◆ TASK DIRECTIONS
I'd like the listing below copied exactly, with the images left out.

◆ GIVEN MATERIAL
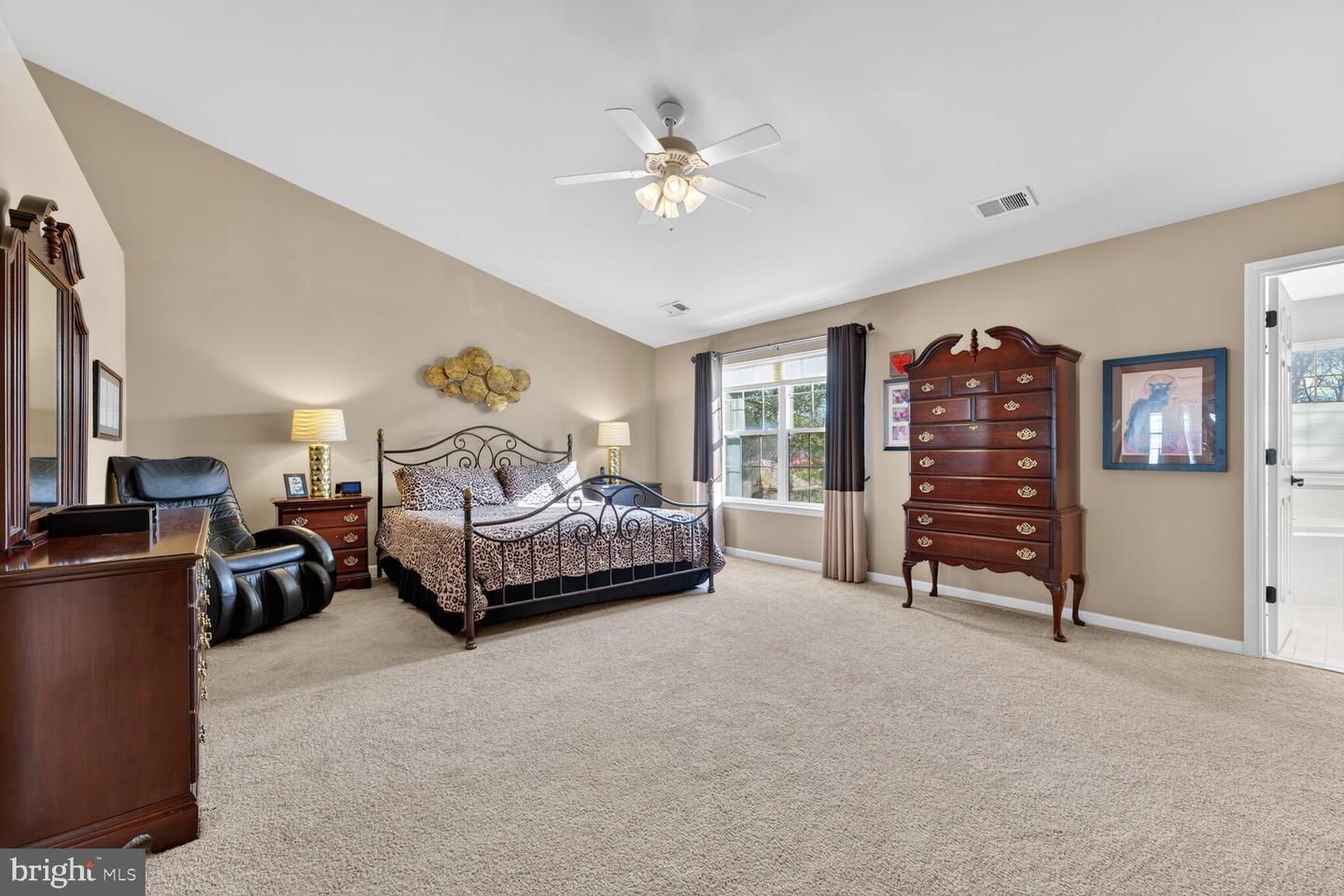 6697 ORDSALL ST, ALEXANDRIA, Virginia 22315, 4 Bedrooms Bedrooms, ,3 BathroomsBathrooms,Residential,For sale,6697 ORDSALL ST,VAFX2287972 MLS # VAFX2287972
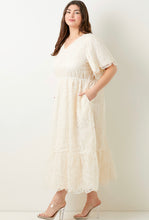 Cargar imagen en el visor de la galería, PLUS EMBROIDERED MAXI DRESS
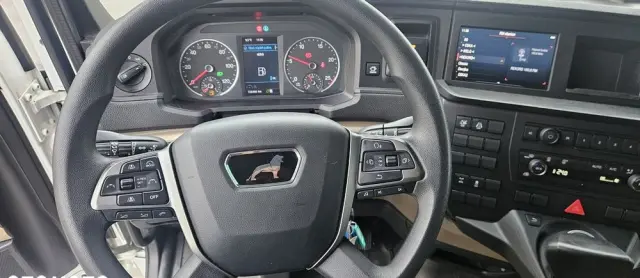 MAN TGX 18.470 XXL / LOW DECK / SPROWADZONY / BARDZO ZADBANY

◆ ANSWER BELOW
 6697 ORDSALL ST, ALEXANDRIA, Virginia 22315, 4 Bedrooms Bedrooms, ,3 BathroomsBathrooms,Residential,For sale,6697 ORDSALL ST,VAFX2287972 MLS # VAFX2287972
 Cargar imagen en el visor de la galería, PLUS EMBROIDERED MAXI DRESS
 MAN TGX 18.470 XXL / LOW DECK / SPROWADZONY / BARDZO ZADBANY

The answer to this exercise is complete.